Non è Natura in sé e non è ciò che non è ancora Natura, cioè lo spirito: il cuore è scordato rispetto alla Natura che sta dischiudendosi, è rotto, abbandonato, è un oggetto inservibile.
C’è l’idea dell’essere messo da parte, inservibile nell’esecuzione di quella sinfonia. L’elemento drammatico della poesia montaliana è vedere linel cielo la dischiusa porta e di essere li legato al suo cuore scordato: non cambia nulla, non c’è possibilità di salvazione.

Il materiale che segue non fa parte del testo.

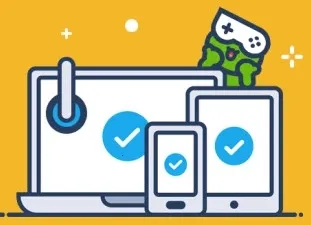 呱呱社区安卓版手机版 呱呱社区安卓版手机版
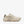 Lavaredo Z/WP - Off-White Grey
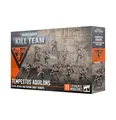 Games Workshop Kill Team: Tempestus Aquilons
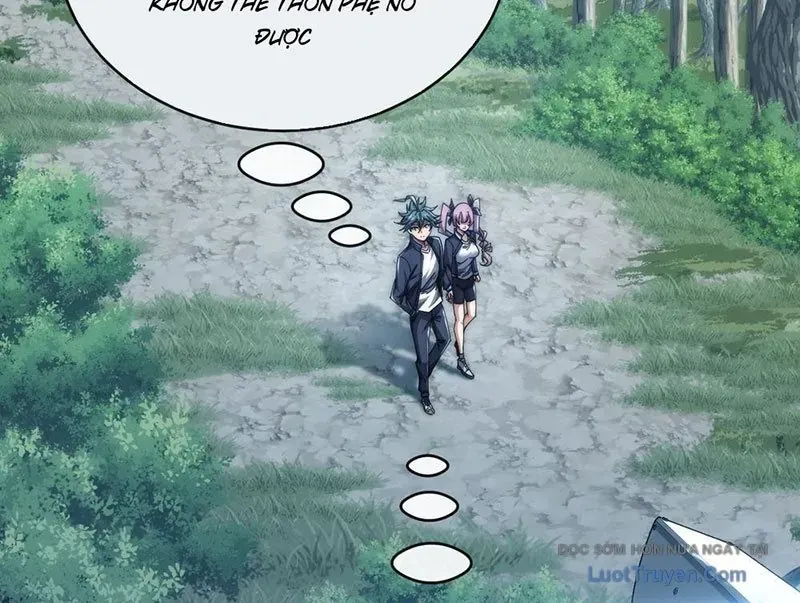 Vô Hạn Tiến Hóa Từ Con Số 0 Chapter 29 - 13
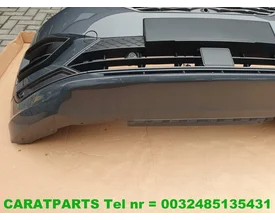 5fj807221d-fr-bumper-tarraco-fr-voorbumper-lc7q-delphingrau — foto 8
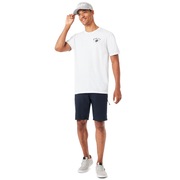 Icon Chino Short - Fathom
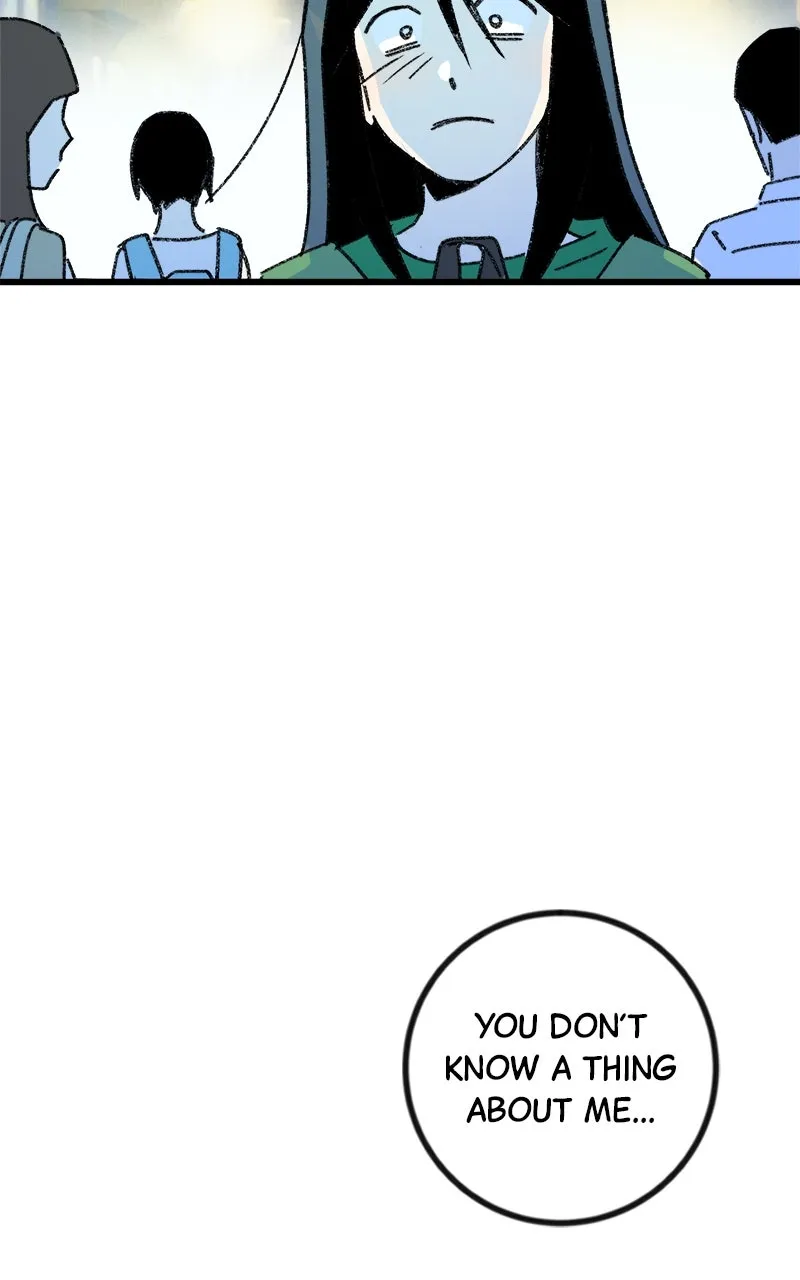 3X3! Chapter 42 page 3 - 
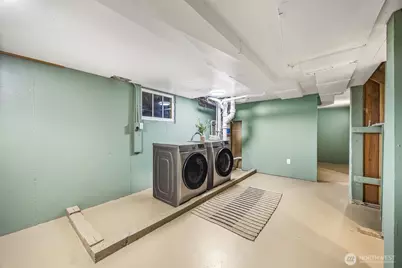 638 N Skyline Drive, Tacoma, WA 98406 - Photo 24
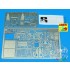 Photoetch for 1/35 German 3 ton Half-track SdKfz.11 for AFV Club kit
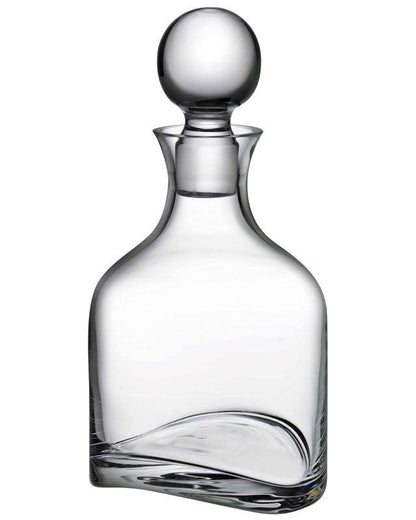 Arch Whisky Decanter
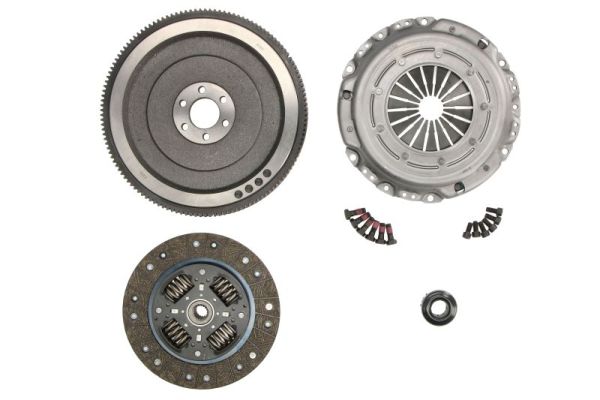 Kit d'embrayage NEXUS F1C103NX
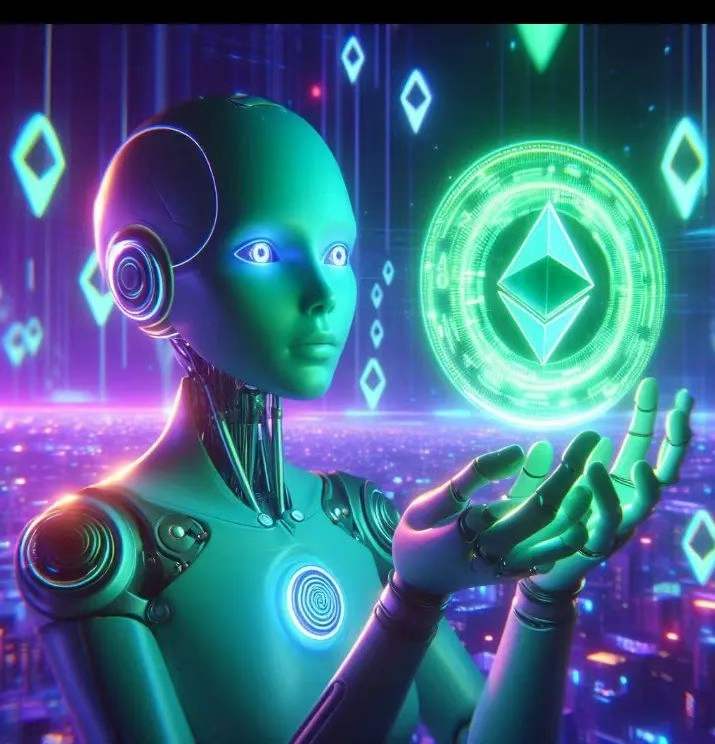 Ensino de transferência de carteira ao vivo de ETH sem proteção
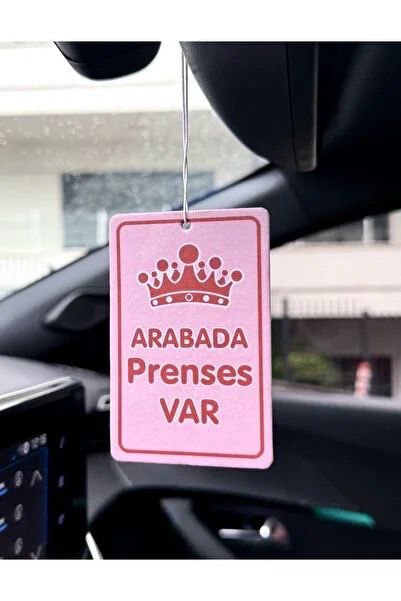 [ Autogeur ] Prenses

Confronto con “A se stesso” di Leopardi (in lui c’era l’élan vital, il suo palpitare era l’amor vitae dei Greci, rispetto al mondo che è fango, in opposizione ad un’esistenza fatta di noia). L’agonismo cuore-Natura è fondamentale per questo testo: c’è un disprezzo ultimo del cuore stesso, così stanco che ormai è capace solo più di disprezzare. È un cuore che ormai rifiuta di palpitare, e la soluzione è allora l’immobilità assoluta, il farsi pietra, il consacrare al nulla il proprio desiderio, celarlo. Il cuore di Montale, invece, vuole ancora palpitare, ricominciare a suonare pur essendo un relitto abbandonato (vedi l’ottativa), immobile in attesa di essere di nuovo accolto dalla Natura, rispetto alla quale Leopardi vuole scappare. Shelling in “filosofia della Natura” e “anima del mondo”(1798) parla di Natura come intelligenza immatura. La diversità tra Montale e Leopardi non è tanto di tipo concettuale, quanto nella relazione uomo-Natura: la Natura è disponibile negli Ossi, nonostante il male di vivere. C’è l’attenzione della Natura, dunque Montale si augura che il cuore si affidi alla Natura per ricominciare a battere ispirato da lei. La Natura è quindi una forza a cui rivolgersi, non è distruzione ma attenzione. Il retroterra è comune a Leopardi, per cui la Natura è animata, è qualcosa che si muove, che ha una sua divinità in sé. La differenza è che si passa in Montale ad una Natura romanticamente intesa come amica, spirito, coscienza, intelligenza (ancora Shelling). La differenza sostanziale tra Leopardi e Montale non quindi nella concezione della Natura (forza, potere…) quanto nella relazione uomo-Natura ( rifiuto e distruzione per Leopardi, attenzione e miracolo per Montale).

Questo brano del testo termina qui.